Predictive models for heat and mass transfer in multiphase flows are needed for implementing carbon-neutral energy-generation technologies such as chemical looping combustion with coal or biomass, and CO2 capture from the flue gas of power plants. Recent direct numerical simulations (DNS) of flow past fixed particle assemblies suggest that heat and mass transfer models currently in use do not accurately capture relevant phenomena. To address this shortcoming, this research will investigate heat and mass transfer in fluid-particle suspensions using a combination of DNS and laser measurements of velocity and scalar fields, resulting in improved models for fluid-particle suspension flows. The improved and validated models for heat transfer can then be used by industry to evaluate and optimize fluidized bed design for CO2 capture.
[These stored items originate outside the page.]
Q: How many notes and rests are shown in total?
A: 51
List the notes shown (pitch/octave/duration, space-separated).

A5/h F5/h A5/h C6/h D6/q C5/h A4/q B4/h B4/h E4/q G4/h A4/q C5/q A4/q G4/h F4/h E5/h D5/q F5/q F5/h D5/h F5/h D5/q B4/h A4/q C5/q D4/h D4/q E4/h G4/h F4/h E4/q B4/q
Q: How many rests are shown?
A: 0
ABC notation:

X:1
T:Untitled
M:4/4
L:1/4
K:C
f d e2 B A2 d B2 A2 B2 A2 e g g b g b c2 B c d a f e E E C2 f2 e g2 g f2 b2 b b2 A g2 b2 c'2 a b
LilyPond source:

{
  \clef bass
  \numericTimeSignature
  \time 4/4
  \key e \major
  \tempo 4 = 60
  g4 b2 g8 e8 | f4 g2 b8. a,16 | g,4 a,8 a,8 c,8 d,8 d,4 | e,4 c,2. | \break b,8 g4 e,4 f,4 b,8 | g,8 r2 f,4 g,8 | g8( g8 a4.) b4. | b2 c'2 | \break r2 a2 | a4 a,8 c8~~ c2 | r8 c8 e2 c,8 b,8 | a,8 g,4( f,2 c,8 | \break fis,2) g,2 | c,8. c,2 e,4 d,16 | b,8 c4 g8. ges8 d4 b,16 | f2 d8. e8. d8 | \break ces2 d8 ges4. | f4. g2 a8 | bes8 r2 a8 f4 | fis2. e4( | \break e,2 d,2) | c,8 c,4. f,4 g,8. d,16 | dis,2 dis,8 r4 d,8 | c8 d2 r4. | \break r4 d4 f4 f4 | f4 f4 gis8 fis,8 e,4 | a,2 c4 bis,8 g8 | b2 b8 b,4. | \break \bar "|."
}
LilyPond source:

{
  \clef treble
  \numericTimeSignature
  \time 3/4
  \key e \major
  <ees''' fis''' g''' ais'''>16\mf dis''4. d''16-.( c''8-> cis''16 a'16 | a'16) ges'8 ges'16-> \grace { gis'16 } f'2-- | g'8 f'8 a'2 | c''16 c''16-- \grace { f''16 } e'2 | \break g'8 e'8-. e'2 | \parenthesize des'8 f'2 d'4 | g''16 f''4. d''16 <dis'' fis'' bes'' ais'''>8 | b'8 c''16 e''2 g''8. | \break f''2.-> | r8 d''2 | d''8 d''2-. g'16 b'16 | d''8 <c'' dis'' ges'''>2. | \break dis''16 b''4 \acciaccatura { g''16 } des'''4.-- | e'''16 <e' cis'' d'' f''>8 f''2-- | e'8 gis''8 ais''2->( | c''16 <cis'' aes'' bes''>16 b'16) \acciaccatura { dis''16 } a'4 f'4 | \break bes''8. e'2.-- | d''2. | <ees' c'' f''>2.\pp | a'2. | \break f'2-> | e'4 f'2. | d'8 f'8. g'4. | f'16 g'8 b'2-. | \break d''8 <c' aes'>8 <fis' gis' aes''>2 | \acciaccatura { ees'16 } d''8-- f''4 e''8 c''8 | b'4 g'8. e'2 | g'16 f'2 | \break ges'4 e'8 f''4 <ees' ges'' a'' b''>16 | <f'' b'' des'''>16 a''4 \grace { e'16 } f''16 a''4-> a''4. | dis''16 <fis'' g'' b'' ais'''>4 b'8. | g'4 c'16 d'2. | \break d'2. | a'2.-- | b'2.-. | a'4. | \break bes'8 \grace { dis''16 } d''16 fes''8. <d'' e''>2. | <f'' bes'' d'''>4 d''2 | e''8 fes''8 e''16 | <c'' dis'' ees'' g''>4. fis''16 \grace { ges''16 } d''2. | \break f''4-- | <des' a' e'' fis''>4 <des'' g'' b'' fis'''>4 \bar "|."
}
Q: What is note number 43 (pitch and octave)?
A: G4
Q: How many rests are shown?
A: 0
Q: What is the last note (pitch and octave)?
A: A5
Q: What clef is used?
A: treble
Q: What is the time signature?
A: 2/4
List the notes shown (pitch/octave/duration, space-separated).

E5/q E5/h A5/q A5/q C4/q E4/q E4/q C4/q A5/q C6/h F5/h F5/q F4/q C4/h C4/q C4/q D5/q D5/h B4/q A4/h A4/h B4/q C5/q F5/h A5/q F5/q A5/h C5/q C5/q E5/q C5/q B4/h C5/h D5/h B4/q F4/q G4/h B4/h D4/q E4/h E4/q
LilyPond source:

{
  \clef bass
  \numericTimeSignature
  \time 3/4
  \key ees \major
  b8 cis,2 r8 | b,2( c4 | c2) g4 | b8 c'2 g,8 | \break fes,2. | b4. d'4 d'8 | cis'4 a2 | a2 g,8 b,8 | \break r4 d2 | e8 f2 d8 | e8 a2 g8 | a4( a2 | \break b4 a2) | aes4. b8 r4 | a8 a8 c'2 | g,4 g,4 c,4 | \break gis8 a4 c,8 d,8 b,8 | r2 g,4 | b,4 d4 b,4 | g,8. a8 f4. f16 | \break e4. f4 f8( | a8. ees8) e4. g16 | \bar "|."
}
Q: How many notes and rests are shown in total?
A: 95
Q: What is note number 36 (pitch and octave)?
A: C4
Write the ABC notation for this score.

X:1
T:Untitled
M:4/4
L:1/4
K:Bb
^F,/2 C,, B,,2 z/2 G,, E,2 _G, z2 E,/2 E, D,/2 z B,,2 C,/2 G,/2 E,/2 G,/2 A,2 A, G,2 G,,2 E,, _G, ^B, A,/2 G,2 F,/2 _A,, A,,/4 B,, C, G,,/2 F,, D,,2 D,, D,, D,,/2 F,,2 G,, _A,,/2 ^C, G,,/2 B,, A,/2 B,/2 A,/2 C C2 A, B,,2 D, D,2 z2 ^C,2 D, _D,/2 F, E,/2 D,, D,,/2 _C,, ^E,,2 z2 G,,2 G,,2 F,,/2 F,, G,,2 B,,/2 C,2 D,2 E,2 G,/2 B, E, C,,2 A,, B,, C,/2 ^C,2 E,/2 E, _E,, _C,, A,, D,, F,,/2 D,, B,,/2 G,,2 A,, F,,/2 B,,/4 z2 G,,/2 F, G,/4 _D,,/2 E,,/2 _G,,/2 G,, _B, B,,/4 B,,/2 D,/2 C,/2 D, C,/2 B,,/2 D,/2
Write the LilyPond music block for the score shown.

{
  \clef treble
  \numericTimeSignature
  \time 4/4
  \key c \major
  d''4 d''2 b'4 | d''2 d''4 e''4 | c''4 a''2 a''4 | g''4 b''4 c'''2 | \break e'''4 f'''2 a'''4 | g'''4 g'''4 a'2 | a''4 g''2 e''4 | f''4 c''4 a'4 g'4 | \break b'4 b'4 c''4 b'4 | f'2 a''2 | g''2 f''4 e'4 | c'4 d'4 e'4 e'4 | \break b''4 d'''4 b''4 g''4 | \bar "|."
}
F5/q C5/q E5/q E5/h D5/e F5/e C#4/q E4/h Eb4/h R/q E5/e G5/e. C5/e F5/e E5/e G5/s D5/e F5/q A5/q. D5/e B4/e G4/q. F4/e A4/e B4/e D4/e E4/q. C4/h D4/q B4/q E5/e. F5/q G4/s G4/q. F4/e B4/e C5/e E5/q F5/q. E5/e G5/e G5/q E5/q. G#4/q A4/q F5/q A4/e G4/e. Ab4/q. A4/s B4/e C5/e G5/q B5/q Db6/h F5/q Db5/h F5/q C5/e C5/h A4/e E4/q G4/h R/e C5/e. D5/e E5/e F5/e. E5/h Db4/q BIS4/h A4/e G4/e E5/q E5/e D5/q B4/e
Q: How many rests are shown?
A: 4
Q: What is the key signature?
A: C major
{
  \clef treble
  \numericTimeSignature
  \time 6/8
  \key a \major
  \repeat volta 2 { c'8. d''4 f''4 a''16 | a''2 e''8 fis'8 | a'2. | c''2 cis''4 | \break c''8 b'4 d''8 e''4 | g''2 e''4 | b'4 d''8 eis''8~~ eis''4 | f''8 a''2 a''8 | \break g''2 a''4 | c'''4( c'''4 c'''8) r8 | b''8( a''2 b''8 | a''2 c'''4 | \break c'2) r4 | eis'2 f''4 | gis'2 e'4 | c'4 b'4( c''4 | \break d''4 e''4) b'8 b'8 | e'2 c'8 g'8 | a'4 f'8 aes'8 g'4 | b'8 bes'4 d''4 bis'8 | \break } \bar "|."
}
Intellectual Merit: Current models for heat and mass transfer in two-fluid CFD models have not been fully validated. Specifically, unknown terms in the transport equations have not been quantified. This research addresses this need by quantifying these unknown terms using laser measurements and DNS. This new understanding will lead to improved models and simulation methodologies for interphase heat and mass transfer in fluid-particle suspensions. The validity of these models will be verified in a riser flow configuration.
Broader Impacts: Improvements to heat and mass transfer models will result in more accurate simulation of fluidized beds for chemical looping combustion and CO2 capture using dry sorbents. This will enable engineers to rapidly evaluate the viability of proposed designs. The project will leverage various institutional outreach programs to increase participation of students including those from underrepresented groups.